• Work to be completed
Repeat everything in the data exactly except images.

Entries supplied below:

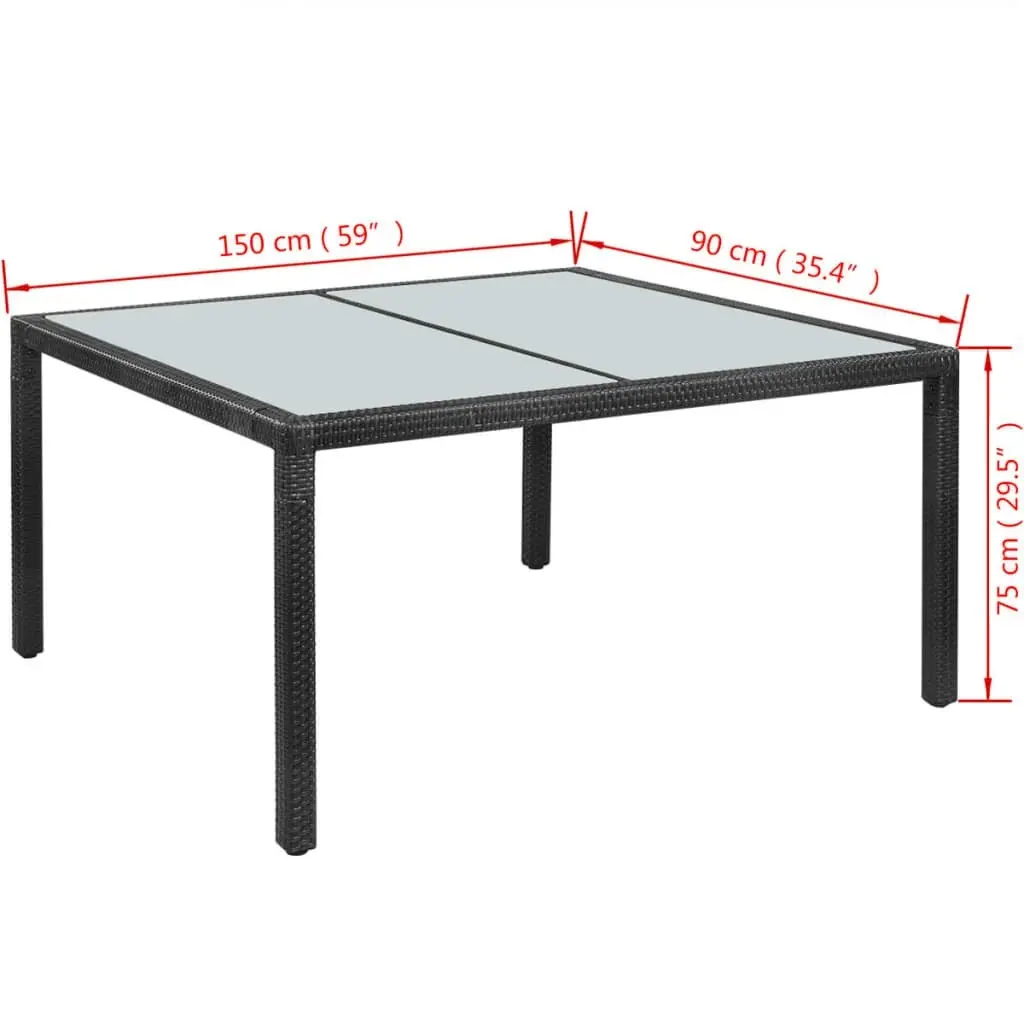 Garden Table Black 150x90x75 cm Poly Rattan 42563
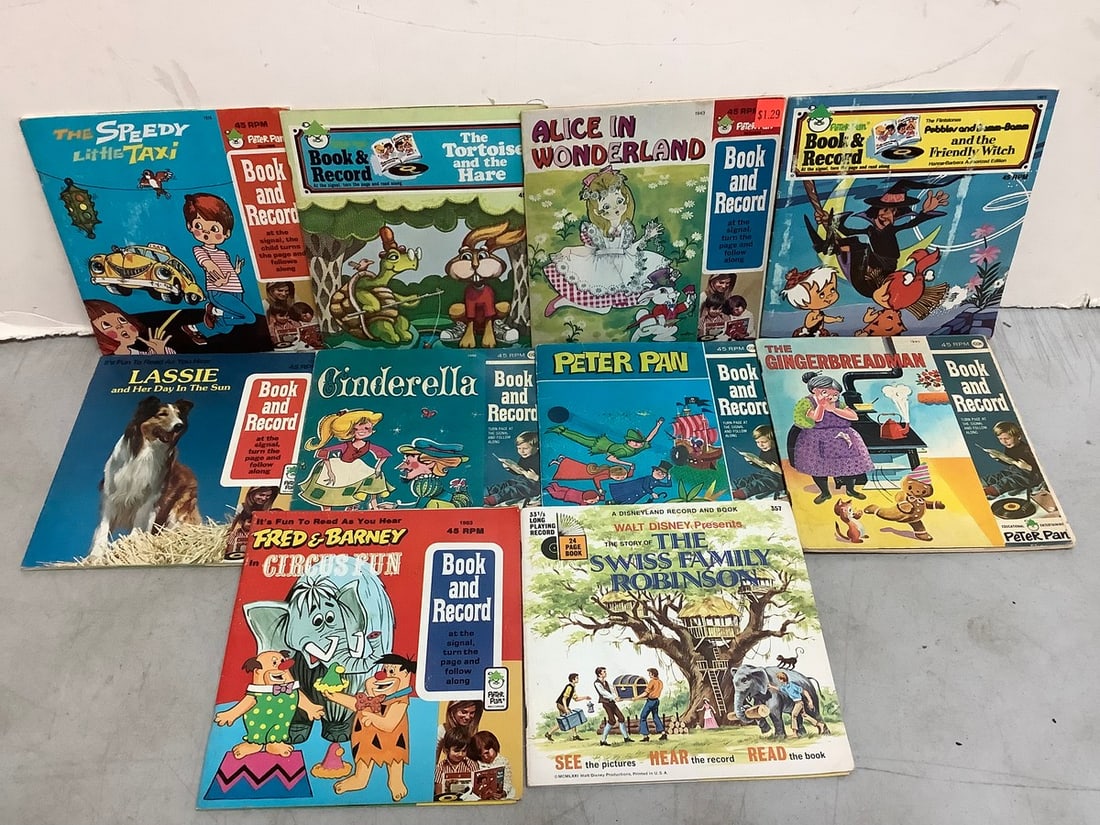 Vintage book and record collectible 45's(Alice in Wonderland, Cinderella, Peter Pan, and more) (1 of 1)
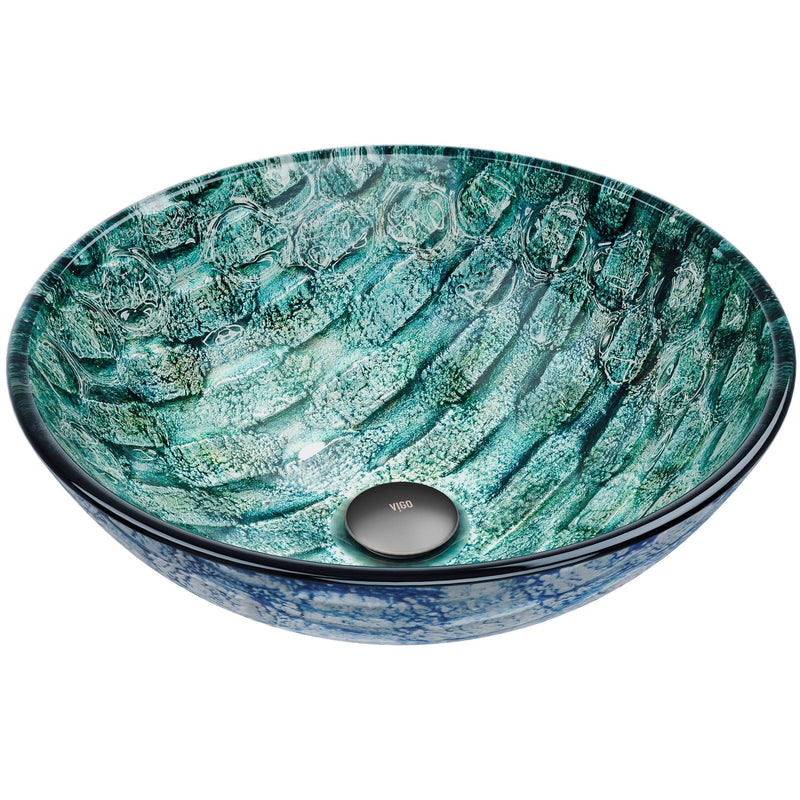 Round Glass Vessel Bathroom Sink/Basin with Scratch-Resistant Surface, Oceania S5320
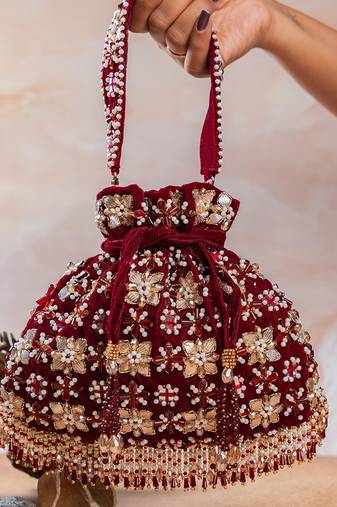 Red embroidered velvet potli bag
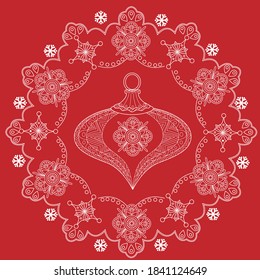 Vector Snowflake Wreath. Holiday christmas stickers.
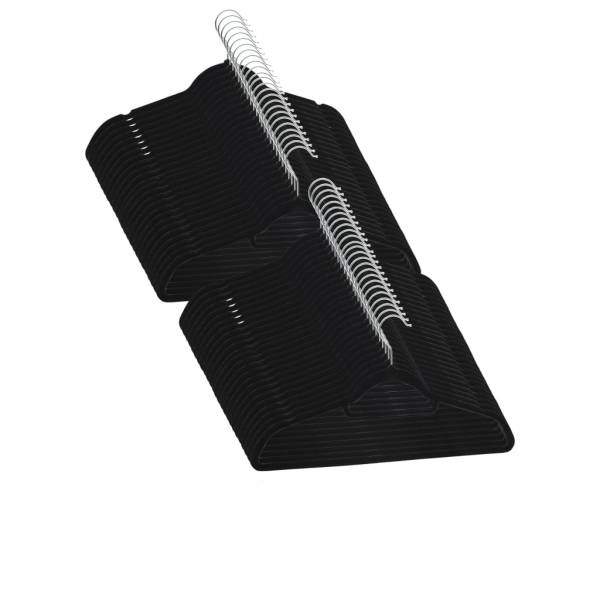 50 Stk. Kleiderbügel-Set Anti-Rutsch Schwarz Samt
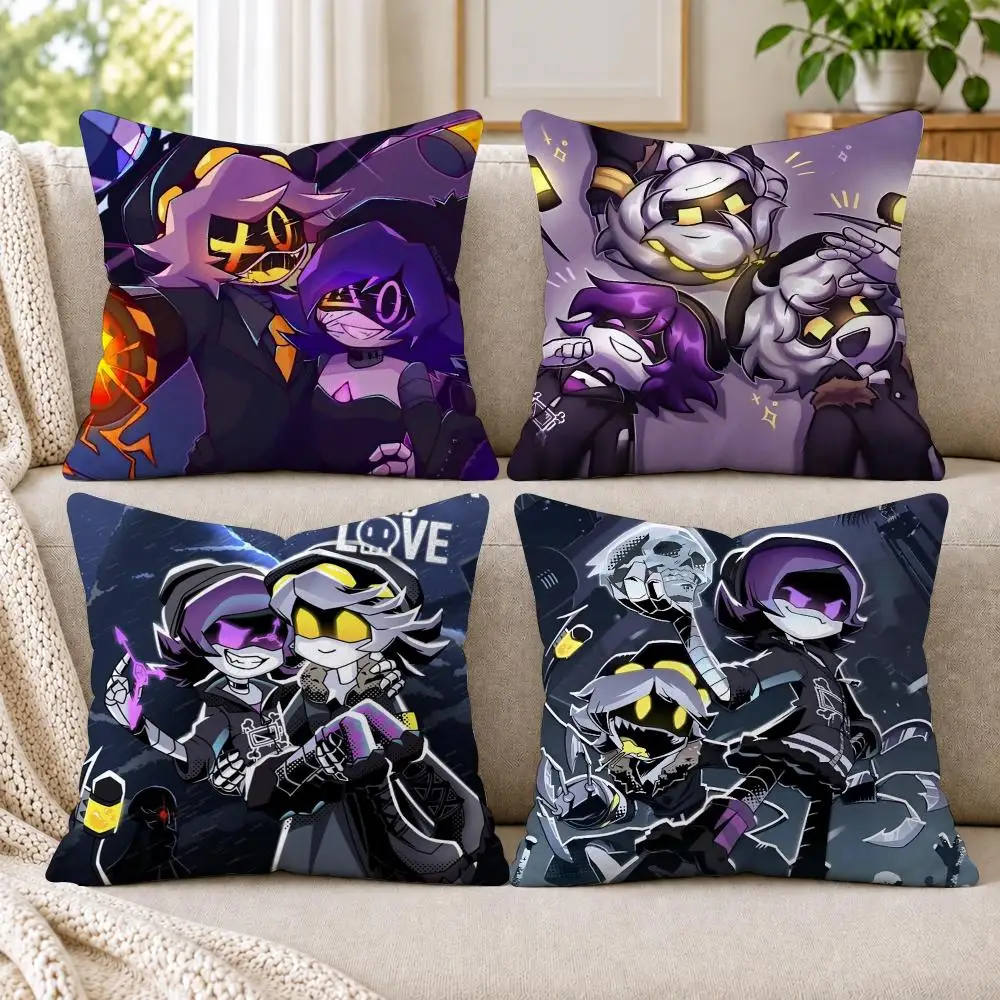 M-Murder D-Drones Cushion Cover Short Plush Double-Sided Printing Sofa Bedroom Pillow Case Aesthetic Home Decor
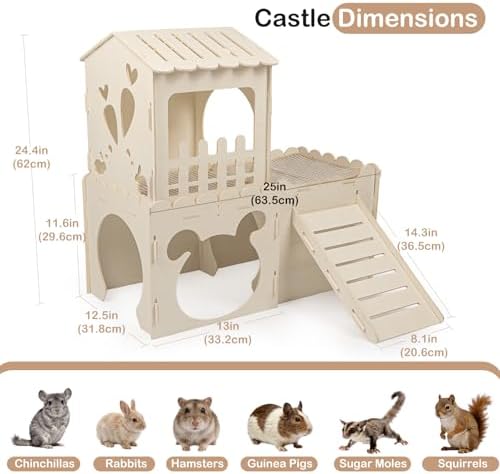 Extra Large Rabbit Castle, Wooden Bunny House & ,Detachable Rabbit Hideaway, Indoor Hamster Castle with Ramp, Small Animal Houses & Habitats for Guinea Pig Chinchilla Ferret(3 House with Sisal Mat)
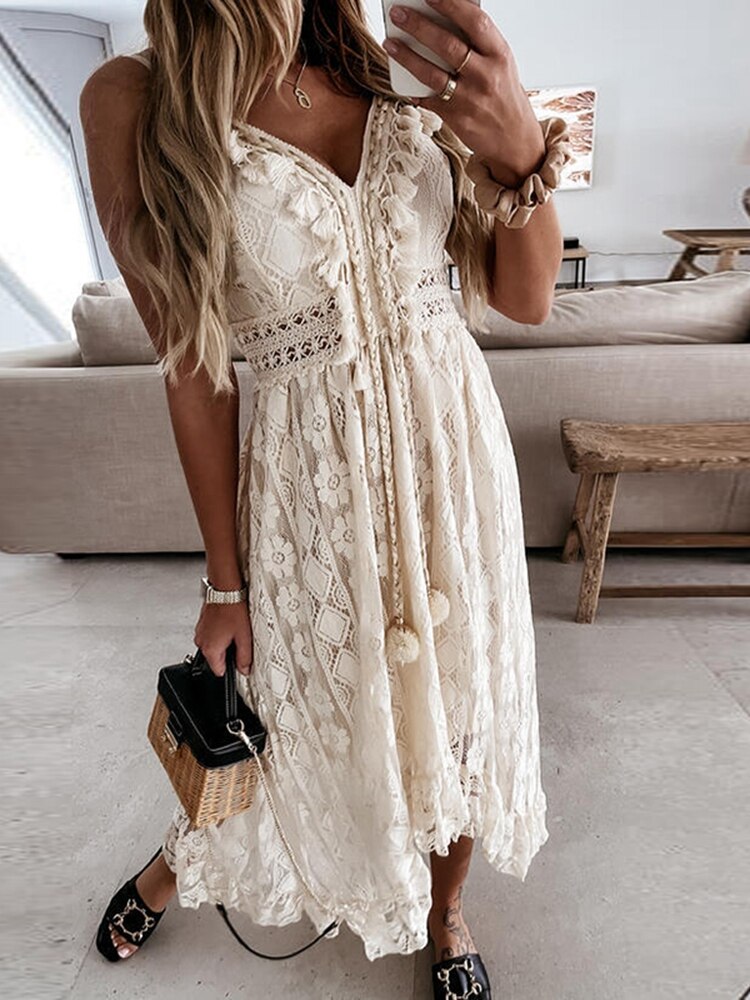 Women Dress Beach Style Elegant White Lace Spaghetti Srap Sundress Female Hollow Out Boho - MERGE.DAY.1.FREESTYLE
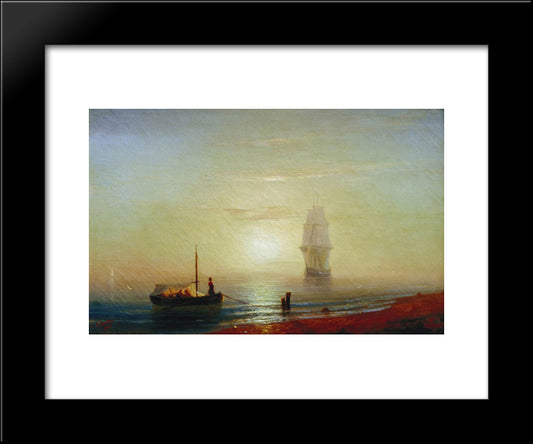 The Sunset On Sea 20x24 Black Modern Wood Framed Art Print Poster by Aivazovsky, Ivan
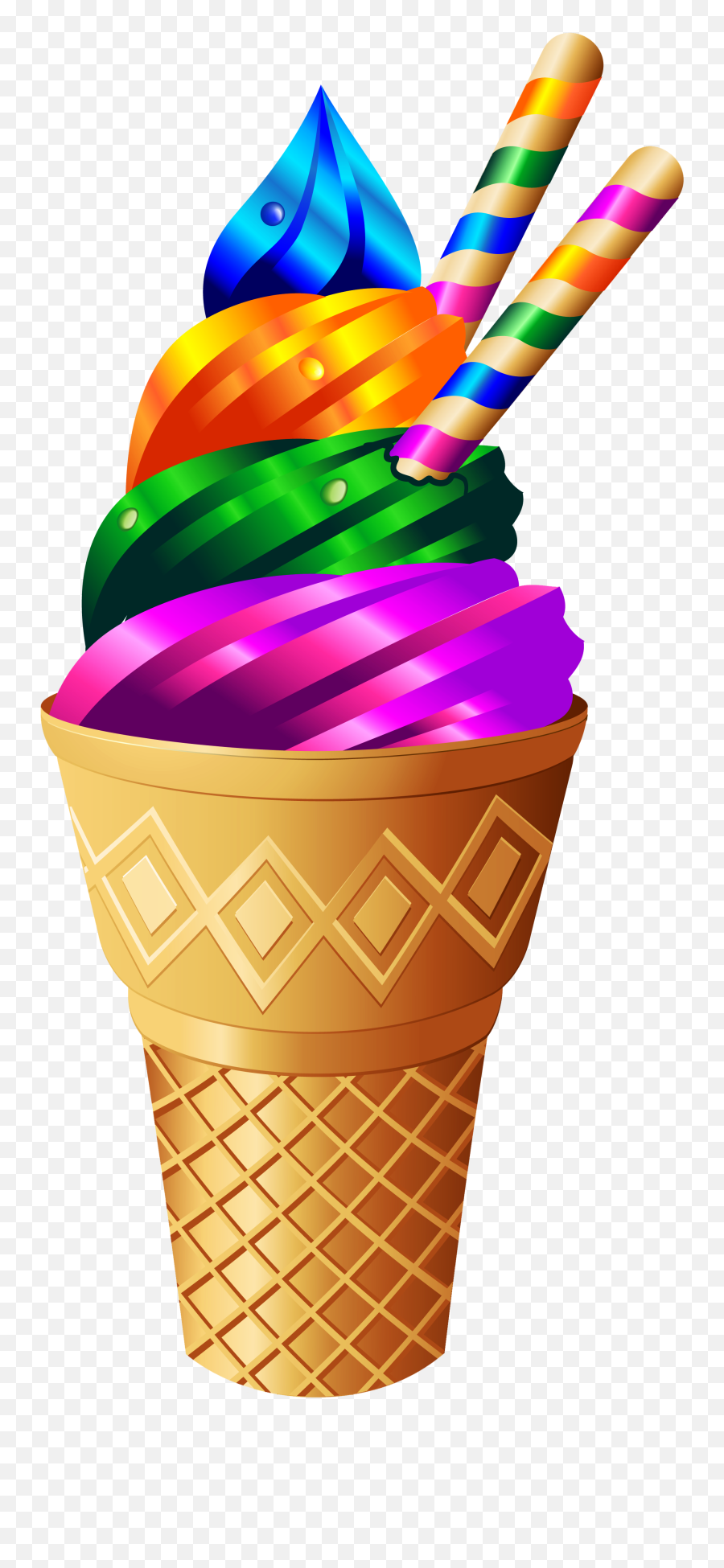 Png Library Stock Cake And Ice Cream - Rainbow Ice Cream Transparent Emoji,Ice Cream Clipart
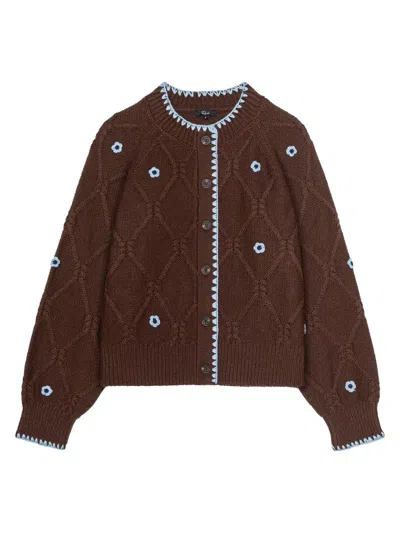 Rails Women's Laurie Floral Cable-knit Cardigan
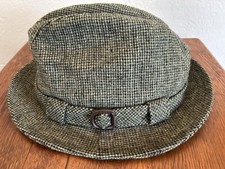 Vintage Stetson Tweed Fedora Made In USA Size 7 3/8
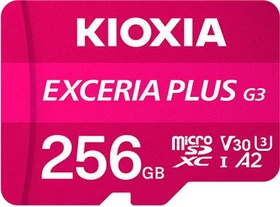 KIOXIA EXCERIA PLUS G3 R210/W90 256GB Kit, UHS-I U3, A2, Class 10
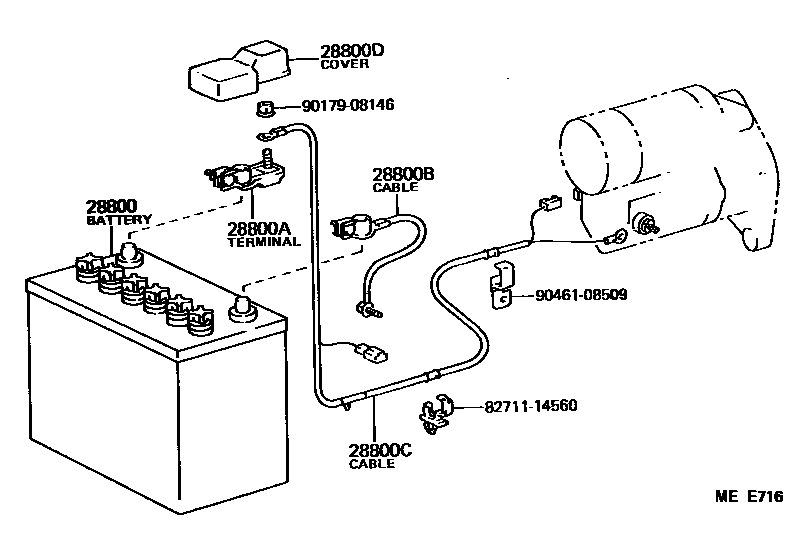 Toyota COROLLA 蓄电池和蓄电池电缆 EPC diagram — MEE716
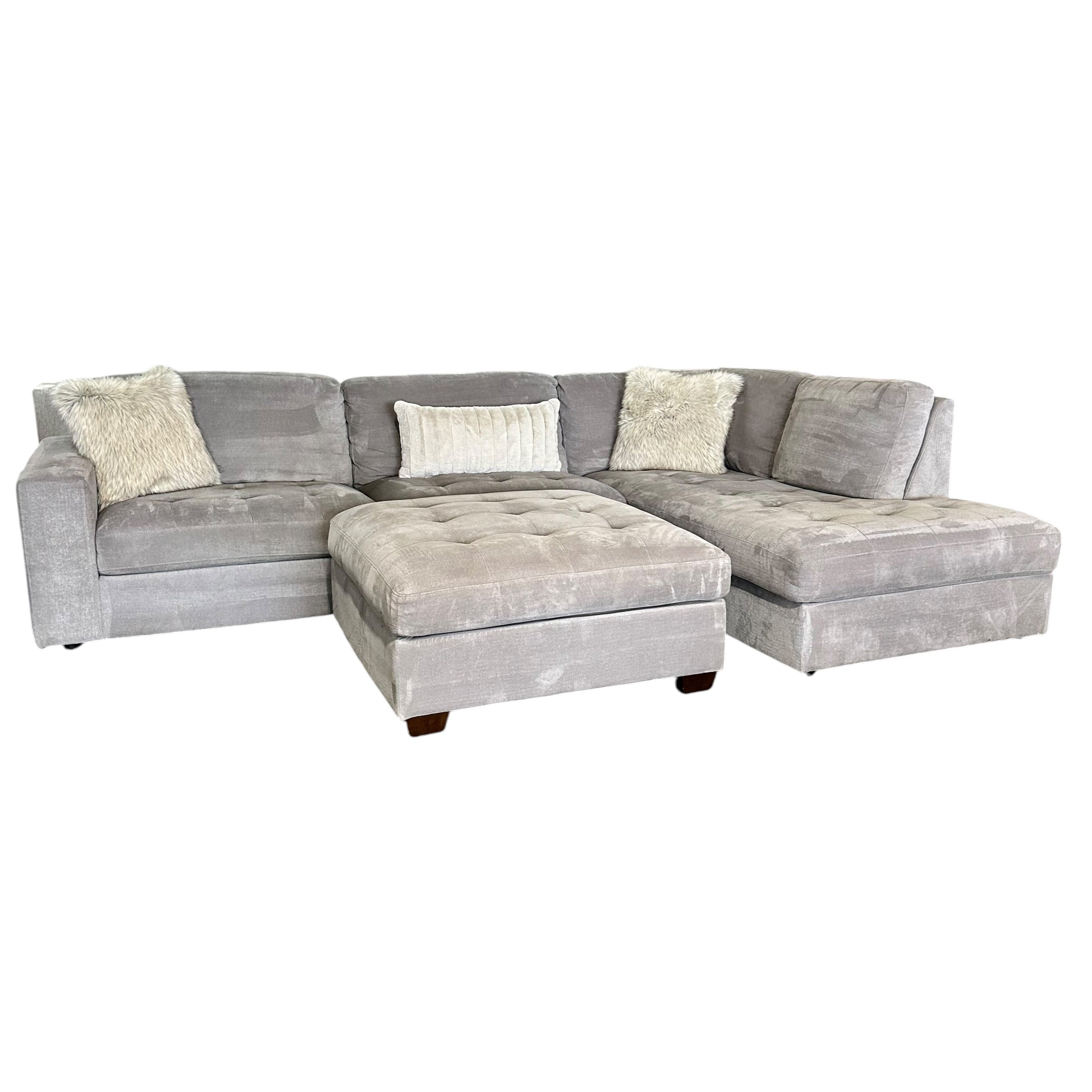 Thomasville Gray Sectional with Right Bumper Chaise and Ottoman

End of Entries supplied.

• Answer
 Garden Table Black 150x90x75 cm Poly Rattan 42563
 Vintage book and record collectible 45's(Alice in Wonderland, Cinderella, Peter Pan, and more) (1 of 1)
 Round Glass Vessel Bathroom Sink/Basin with Scratch-Resistant Surface, Oceania S5320
 Red embroidered velvet potli bag
 Vector Snowflake Wreath. Holiday christmas stickers.
 50 Stk. Kleiderbügel-Set Anti-Rutsch Schwarz Samt
 M-Murder D-Drones Cushion Cover Short Plush Double-Sided Printing Sofa Bedroom Pillow Case Aesthetic Home Decor
 Extra Large Rabbit Castle, Wooden Bunny House & ,Detachable Rabbit Hideaway, Indoor Hamster Castle with Ramp, Small Animal Houses & Habitats for Guinea Pig Chinchilla Ferret(3 House with Sisal Mat)
 Women Dress Beach Style Elegant White Lace Spaghetti Srap Sundress Female Hollow Out Boho - MERGE.DAY.1.FREESTYLE
 The Sunset On Sea 20x24 Black Modern Wood Framed Art Print Poster by Aivazovsky, Ivan
 Png Library Stock Cake And Ice Cream - Rainbow Ice Cream Transparent Emoji,Ice Cream Clipart
 Rails Women's Laurie Floral Cable-knit Cardigan
 Vintage Stetson Tweed Fedora Made In USA Size 7 3/8
 KIOXIA EXCERIA PLUS G3 R210/W90 256GB Kit, UHS-I U3, A2, Class 10
 Toyota COROLLA 蓄电池和蓄电池电缆 EPC diagram — MEE716
 Thomasville Gray Sectional with Right Bumper Chaise and Ottoman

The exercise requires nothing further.